Atualizado em 11 de julho de 2013 14:08

Do ponto de vista histórico, as últimas quatro décadas representaram um período de ganhos sociais muito mais elevados, se comparado ao mesmo período de tempo imediatamente anterior a 1973. A sociedade brasileira, composta por 93 milhões de pessoas no início da década de 1970, tem passado por momentos de crise e ruptura de regimes, mostrando-se bastante resiliente, sobretudo em face da globalização, impulsionada por profundas mudanças em campos como os das telecomunicações, economia e tecnologia da informação. Atualmente, trata-se não apenas de uma sociedade plural, formada por 190 milhões de pessoas, mas também de uma sociedade complexa, que a um só tempo reconhece e responde aos riscos aos quais está permanentemente sujeita.

Essa sociedade, contudo, não apenas aumentou em quantidade populacional, mas também cresceu em relação à conscientização dos seus direitos, principalmente com o advento da CF. Este é um dos motivos do exponencial e progressivo aumento da litigiosidade em nosso país, que poderá ser demonstrado numericamente.

Para que se possa dimensionar em números o crescimento exponencial da litigiosidade nos últimos 45 anos no país, confira-se o exemplo das estatísticas dos feitos distribuídos no STF.

No quinquídio de 1966/70, foram distribuídos no STF 38.254 mil processos. Contudo, a avalanche de processos não parou por aí, pois, comparativamente, no intervalo entre 2007 e 2011, o STF recebeu a espantosa distribuição de 301.665 mil processos. Assim sendo, esses dados revelam um verdadeiro realismo fantástico no sistema judiciário brasileiro, pois basta uma singela operação aritmética para se concluir que o número de processos recebidos por cada um dos 11 ministros, ao longo desses cinco anos (2007/11), torna humanamente impossível que os feitos não se acumulem ao final de cada dia útil de trabalho.

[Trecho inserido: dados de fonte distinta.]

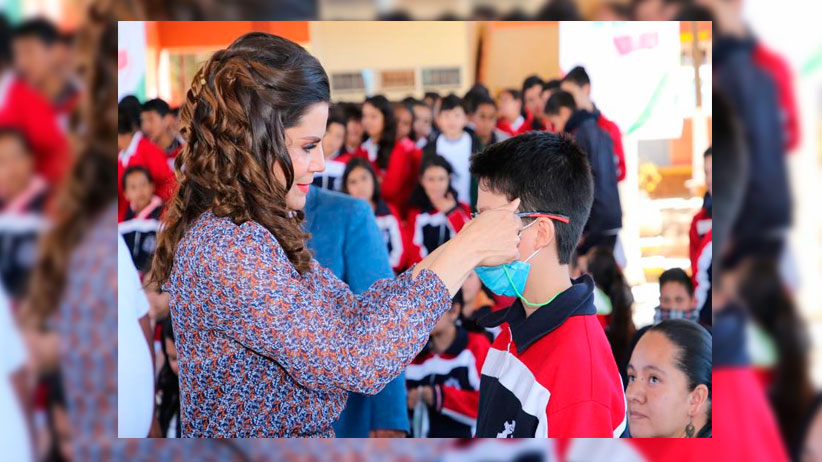 Reciben estudiantes capitalinos lentes del programa Ver Bien para Aprender Mejor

E o mais extraordinário é que, em números globais, tramitam hoje em todas as instâncias do Poder Judiciário brasileiro mais de 90 milhões de processos. Essa estatística absurda expressa não mais a litigiosidade individual das décadas de 60 e 70, mas revela, sim, uma litigiosidade repetitiva de amplo espectro público, que não comporta as mesmas respostas que foram pensadas para os problemas entre Caio e Tício.

Nesse contexto, o CPC vigente tem passado por inúmeras alterações substanciais decorrentes de leis que se ocuparam em atualizar a legislação codificada naquilo que ela não mais atendia aos anseios e exigências desta sociedade numerosa, complexa e de massa.

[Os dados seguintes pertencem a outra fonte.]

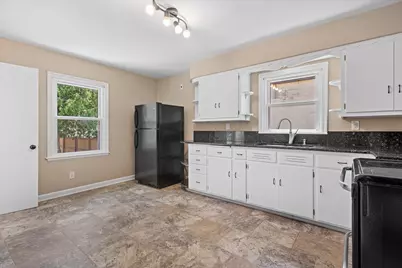 205 N Chicago Ave, South Milwaukee, WI 53172 - Photo 3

Tais modificações, certamente, em alguma medida passaram conferir maior desempenho ao sistema de Justiça. Porém, acarretaram antinomias no CPC, provocando aqui e ali dúvidas e insegurança a respeito da melhor interpretação de determinados dispositivos, pois cada uma dessas microrreformas foi regida por princípios próprios, o que, inevitavelmente, acarretou contradições internas, além de não ter logrado êxito no atendimento adequado e célere das demandas seriais.

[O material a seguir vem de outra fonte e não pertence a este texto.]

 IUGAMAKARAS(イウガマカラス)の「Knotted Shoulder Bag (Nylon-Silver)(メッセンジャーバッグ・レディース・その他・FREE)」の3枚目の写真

Objetivando corrigir esses gravíssimos problemas, a presidência do Senado Federal instituiu, em 2009, através do ato 379/09, assinado pelo Senador José Sarney, comissão de juristas para elaborar um anteprojeto de novo CPC, que tramitou no Senado Federal sob o PLS 166/10, que hoje, na Câmara Federal, recebe a designação de PL 8.046/10, sendo, objeto de discussão em comissão que tem como presidente o deputado Fábio Trad (PMDB/MS) e relator-geral o deputado Paulo Teixeira (PT/SP).

O projeto do novo CPC possui inúmeras virtudes capazes de equacionar incontáveis problemas do nosso sistema de Justiça, mas, como qualquer empresa humana, não alcançou unanimidade, encontrando resistências ideológicas em certos setores da comunidade jurídica.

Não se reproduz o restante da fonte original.